By Lucy Chabot Reed
The Marina at Christophe Harbour in St. Kitts has recently switched its in-slip fueling from trucks to an underground tank, which doubles the speed at which yachts can fuel at the marina.
The conversion occurred in April, and high-pressure fuel can now be pumped at least 125 gallons a minute, versus about half that with trucks.
Christophe Harbour now boasts the second largest in-marina fuel tank (48,000 gallons) in the Caribbean after St. Thomas’ 50,000-gallon tank, according to Capt. Aeneas Hollins, director of yachting for The Marina at Christophe Harbour. It serves ultra-low sulfur diesel fuel.
“Now we have the fastest fuel, the biggest tank and the cheapest fuel in the Caribbean,” Hollins said. “And it’s SOL fuel. As a captain, you know the difference between Sol and any other supplier, quality-wise. And we have no bridge restrictions, so you can arrive at 3 in the morning, if you dare.”
There is also a dedicated fuel slip so yachts can touch and go, said Dockmaster Linda Pearson.

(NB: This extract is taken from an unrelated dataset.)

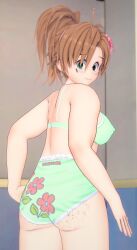 1girls 3d ass ass_focus blonde_hair blue_eyes butt_focus chubby chubby_female erect_nipples female female_only flower_panties green_bra green_panties itzalksr koikatsu looking_back smile smiling underwear underwear_only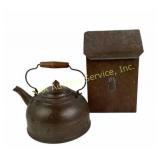 Copper Kettle, Hinged Metal Mailbox with Pineapple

Sixteen month after welcoming its first boat, The Marina at Christophe Harbour in St. Kitts continues to add amenities. Dockmaster Linda Pearson and Capt. Aeneas Hollins, director of yachting, walked the Newport Charter Yacht Show this week to let captains know about the faster fuel availability. PHOTO/LUCY REED
The marina has 24 berths for yachts up to 280 feet (85m). Slips also include water, power (three-phase, 480-volt), wastewater pump-out and wi-fi.
This season, 70 yachts over 100 feet visited the marina, which is still developing its upland amenities. It began accepting yachts 16 months ago.
Plans are to open an on-site, 10,000-square-foot customs office sometime next year, but likely not in time for next season, Hollins said, though customs is expected to be on site next fall in a temporary facility.
Off the beaten track and still relatively unknown, St. Kitts “makes a nice diversion” for the Antigua-St. Barts trip,” Hollins said.
“You can do a great seven-day charter out of Antigua or St. Kitts and incorporate St. Barts,” he said. “It’s great day sailing. That Antigua-to-St.-Barts leg kills everybody, guests, crew, everybody. Now there’s a way out of it.”